30 diciembre 2008

Finde

Es martes en la tarde. Acabo de ver un episodio de una serie viejita que me gustaba mucho, Ally McBeal (tengo derecho a tener un lado sencible ¿no?) en repetición en un canal de esos que repiten series y películas todo el día. En la mañana llevando a Daniel a su vacuna del año (¡Dios mío no saben lo duro que es ver que pinchen a tu hijo!) y antes que se enfermara lo llevé al parque de los pies descalzos con baldecito, pala y rastrillo para que jugara.

Sí, se nota que estoy de vacaciones.

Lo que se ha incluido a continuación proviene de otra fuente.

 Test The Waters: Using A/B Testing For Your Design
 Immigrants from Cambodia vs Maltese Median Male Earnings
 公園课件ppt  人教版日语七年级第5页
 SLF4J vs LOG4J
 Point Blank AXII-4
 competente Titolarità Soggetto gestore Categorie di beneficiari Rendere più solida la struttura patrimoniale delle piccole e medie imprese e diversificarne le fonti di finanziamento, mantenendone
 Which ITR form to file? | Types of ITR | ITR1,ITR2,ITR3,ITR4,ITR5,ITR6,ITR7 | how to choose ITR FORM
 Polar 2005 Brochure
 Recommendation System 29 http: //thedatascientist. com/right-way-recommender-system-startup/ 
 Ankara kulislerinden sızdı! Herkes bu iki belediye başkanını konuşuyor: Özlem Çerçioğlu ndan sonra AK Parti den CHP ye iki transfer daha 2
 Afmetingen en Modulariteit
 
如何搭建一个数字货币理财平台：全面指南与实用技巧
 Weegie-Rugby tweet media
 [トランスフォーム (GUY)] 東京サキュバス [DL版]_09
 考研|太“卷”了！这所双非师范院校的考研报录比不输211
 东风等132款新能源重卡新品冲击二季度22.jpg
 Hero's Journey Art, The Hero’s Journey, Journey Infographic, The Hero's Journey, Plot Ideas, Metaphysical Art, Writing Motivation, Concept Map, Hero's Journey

Ignoro si la vida tuviera sentido sin tener que ir a trabajar como dicen algunos fanáticos del trabajo. Desconozco si es verdad que el trabajo es tan importante como dicen. Pero hoy, acá, tengo que decir que es riquísimo ver amanecer en la cama y no en una silla del metro y ver atardecer y no salir de noche del trabajo como todo el año.

Ah, además de eso, al momento de escribir esto, faltan un día larguito para que se acabe este año. Hay una extraña tranquilidad por estos lados lo que me hace pensar que todos están descansando y ahorrando energía y gritos para mañana. Está bien, que gocen, bailen y se emborrachen si eso hace que se sientan mejor. Por mí este año estuvo bien. A pesar de las evidentes carencias (ver últimos posts) no se me ocurre un mejor año que éste al lado de mi hijo y mi esposa.

En el último post del año pasado estaba en la sala de mi casa y mi esposa y Danito dormían plácidamente. Ella acaba de dar a luz por cesárea. El tenía diez días y dormía 22 horas al día.

Hoy, en el último post de este año ella y él juegan en la cama. Ahora hay que rogarle para que duerma y no puede esperar a verme para tirarse encima mío y abrazarme diciendo 'pa'.

Y yo ahora mismo no me cambio por nadie.